-- SUPPLIED ENTRIES follows --
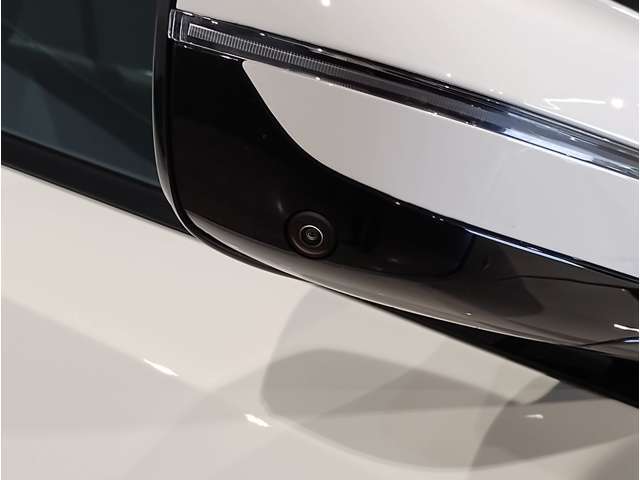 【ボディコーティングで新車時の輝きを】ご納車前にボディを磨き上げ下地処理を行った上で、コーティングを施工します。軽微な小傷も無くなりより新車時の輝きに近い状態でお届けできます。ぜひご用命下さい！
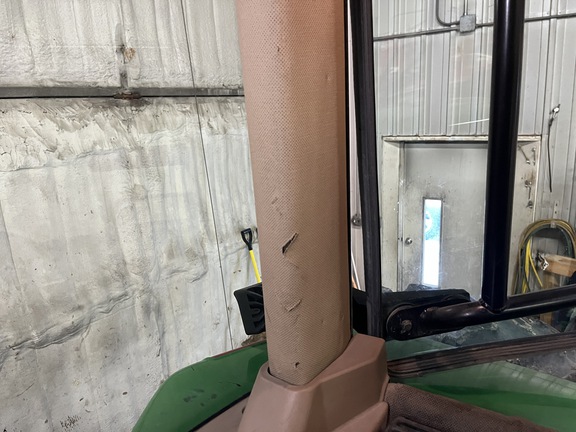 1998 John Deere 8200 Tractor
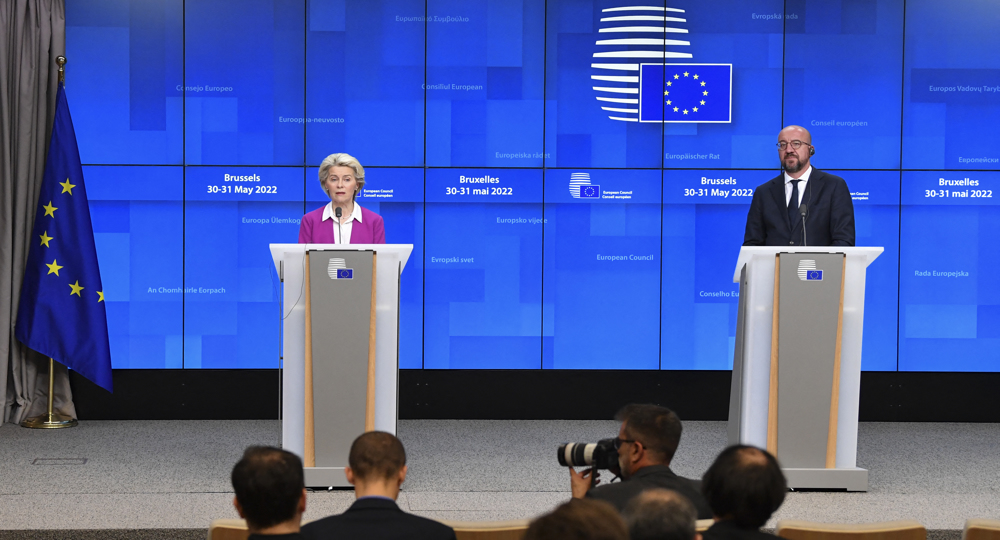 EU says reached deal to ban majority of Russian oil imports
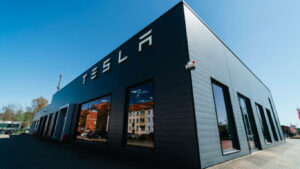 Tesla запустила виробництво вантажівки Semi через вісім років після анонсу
-- SUPPLIED ENTRIES concluded --
-- SUPPLIED ENTRIES follows --
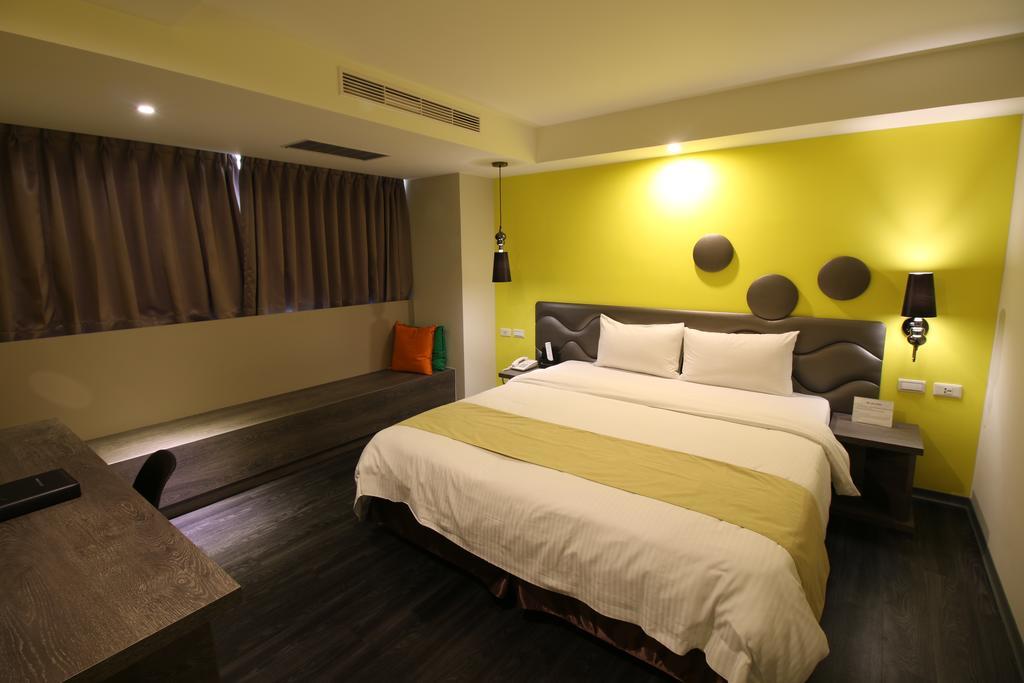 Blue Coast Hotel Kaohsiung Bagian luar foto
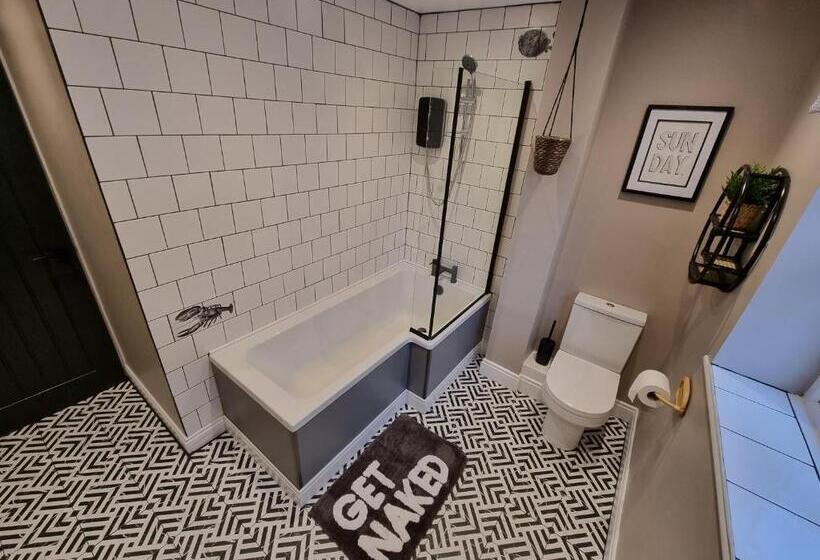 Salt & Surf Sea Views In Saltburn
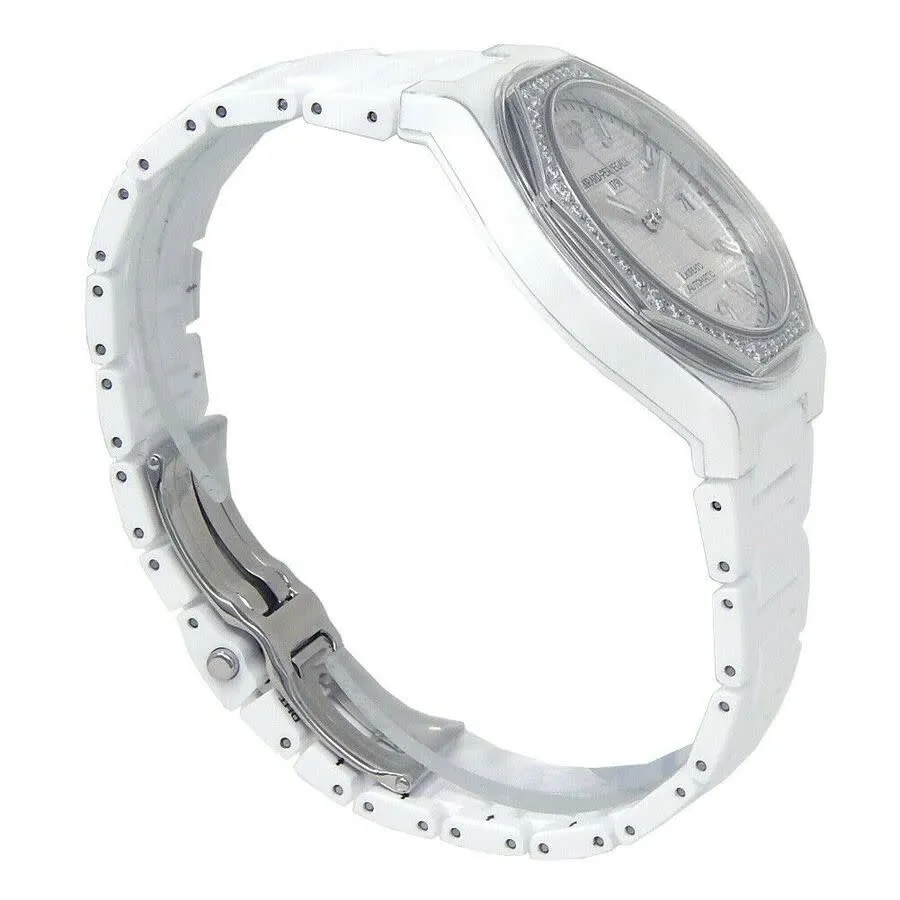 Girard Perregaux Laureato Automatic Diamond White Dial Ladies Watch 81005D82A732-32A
-- SUPPLIED ENTRIES concluded --
WORK INSTRUCTION: Above are the records; copy exactly the lines from the one with "Salt & Surf Sea Views In Saltburn" through the one with "Girard Perregaux Laureato", including both, and nothing more. Leave out pictures.

REPLY:
 Salt & Surf Sea Views In Saltburn
 Girard Perregaux Laureato Automatic Diamond White Dial Ladies Watch 81005D82A732-32A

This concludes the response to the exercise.